Administrar essas questão faz parte do novo papel da Boeing como líder do chão de fábrica global. “Você precisa ser capaz de entender o mercado, transformar isso em exigências, integrar os parceiros e as peças para satisfazê-las e dar suporte em serviços”, diz Blair. “O conhecimento que ganhamos ao organizar esse programa é uma competência única. Acho que não existe mais ninguém capaz de fazer isso, e nós o faremos novamente em algum momento, em um novo programa para outro avião. E então, seremos muito melhores.”.

A mudança de cultura com a passagem do papel de fabricante de aviões para integradora de sistemas nem sempre foi fácil. “Existe o perigo real de microgerenciarmos o processo”, diz Blair. “Depois de nossos parceiros chegarem ao ponto em que temos um plano que funciona, o verdadeiro desafio é se distanciar, deixar que todos façam o seu trabalho sem nossa intromissão.”. Mesmo assim, apesar de às vezes ser um desafio, combinar talentos de todo o mundo é uma clara fonte de força.

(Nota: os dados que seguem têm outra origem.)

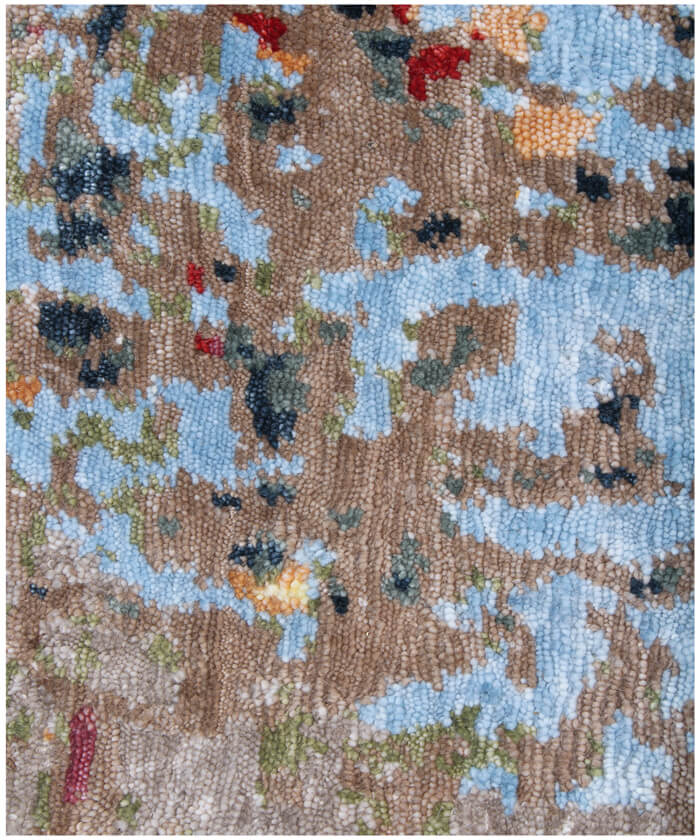 Modern Abstract Wool & Bamboo Silk Hand-Knotted Area Rug | Silver, Charcoal, Red & Blue | Available in 8x10, 9x12, 10x14
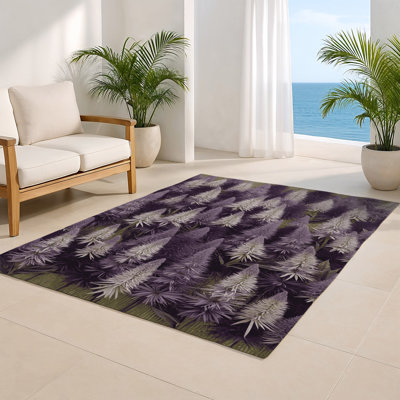 Tapis d'intérieur et d'extérieur mauve Botanical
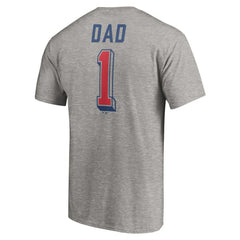 Heather Gray Chicago Cubs Number One Dad T-Shirt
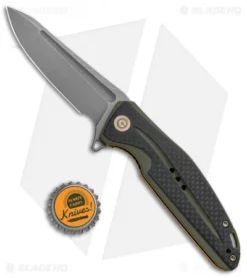 CIVIVI Statera Flipper Liner Lock Knife OD Green Carbon Fiber (3.5" SW) C901B -Civivi CIVIVI Statera Flipper LL OD Green CF SW C901B BHQ 93882 jr bottlecap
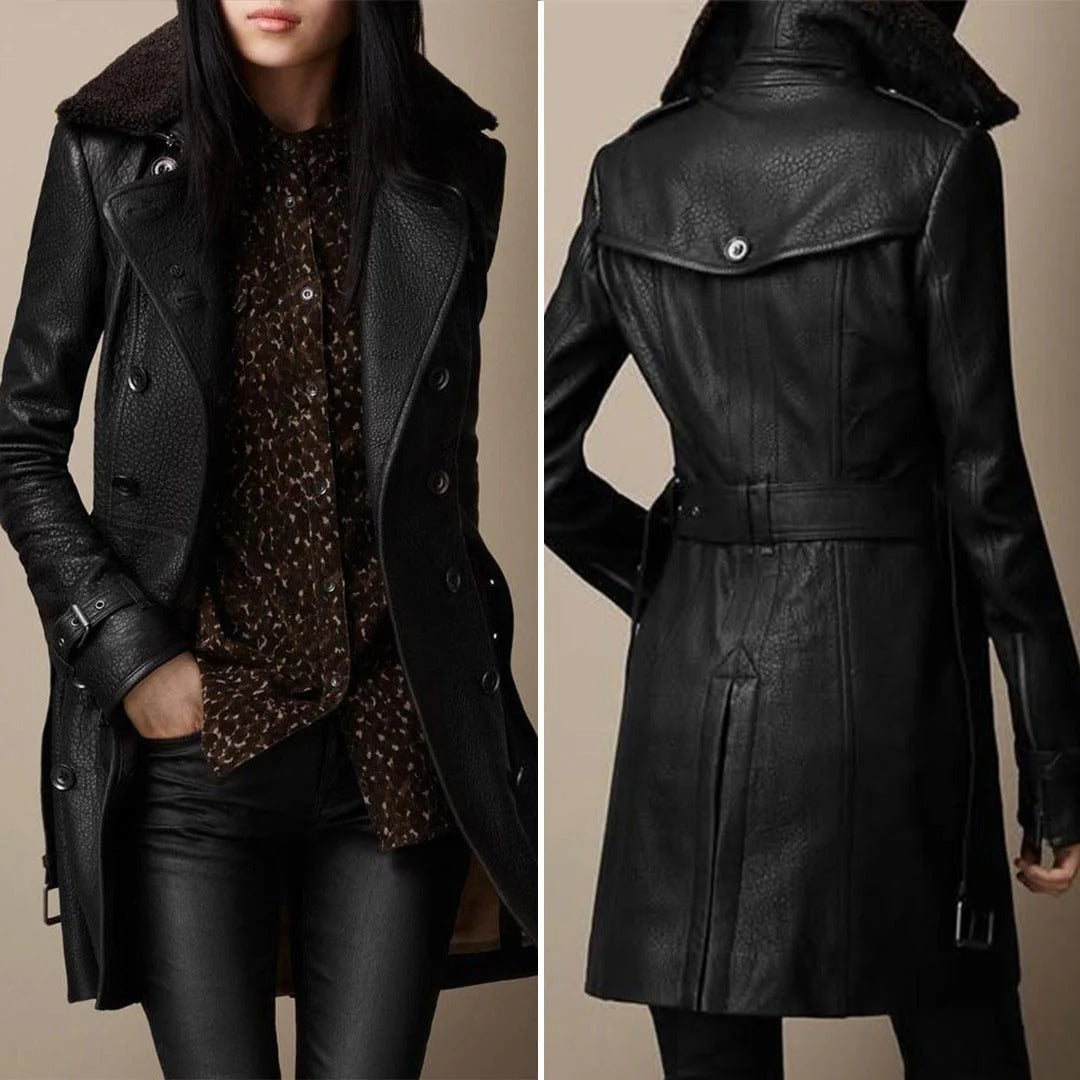Women's Luxury Leather Trench Coat - Fashionable Long Jacket for Stylish Appearance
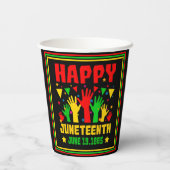 Happy Juneteenth Black Red Green Yellow Hands Papieren Bekers (Achterkant)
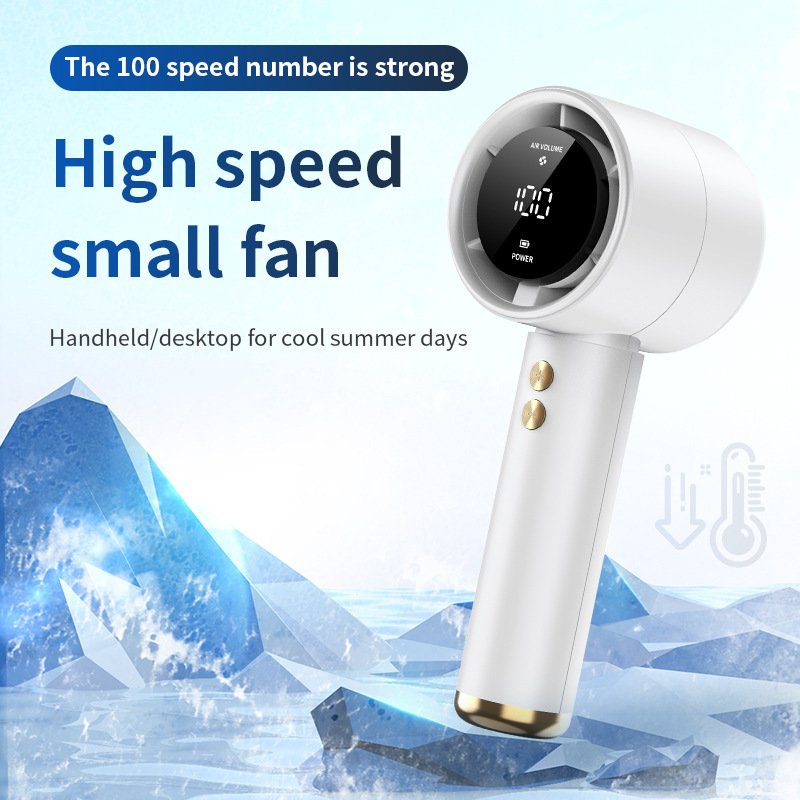 Mini ventilateur portable USB N68 — 100 vitesses, écran LED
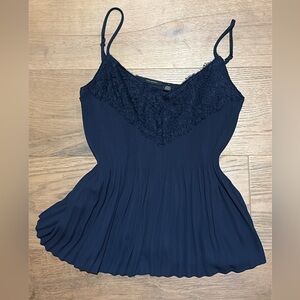 Halogen Navy Camisole with Lace Detail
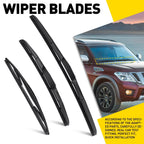 Set of 3 Windshield Wiper Blades for Nissan Armada (2017–2022) 14" 19" 12"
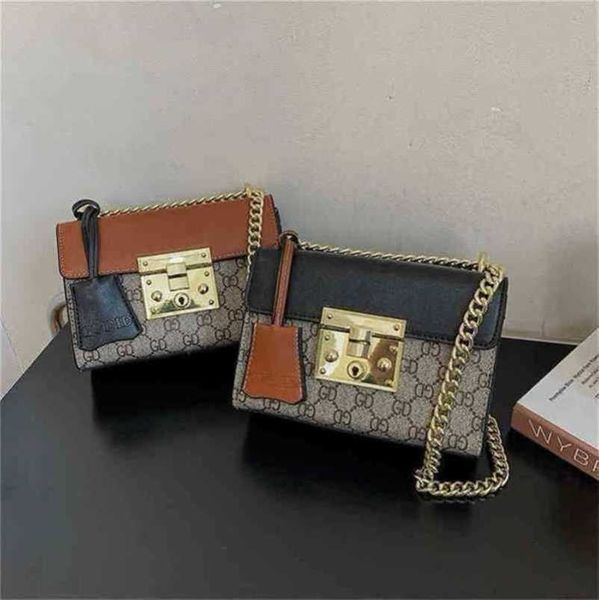 designer luxury bags hand street color matching chain square messenger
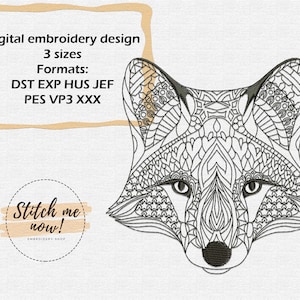 Fox portrait machine embroidery design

Parte por parte, o projeto 787 já é um sucesso em vários aspectos. A maior parte do trabalho de design já está completa e a fabricação está em curso. A boa nova para a Boeing é que as companhias aéreas finalmente aceitaram o 787 depois de um início lento no que diz respeito às vendas. Em 2005, a Boeing recebeu 354 pedidos com um valor total de mais de US$46 bilhões, ultrapassando a Airbus pela primeira vez desde 2000 em número de encomendas de novos aviões. No entanto, maior recompensa para a Boeing reside na legitimação de um novo modelo de negócios construído em torno da colaboração global. O 787 foi uma aposta e, com tantos parceiros dividindo tanta responsabilidade, nunca existiu a certeza do sucesso. A empresa apostou seu futuro no peering e, em vista das vendas do novo 787 Dreamliner, o resultado tem sido positivo.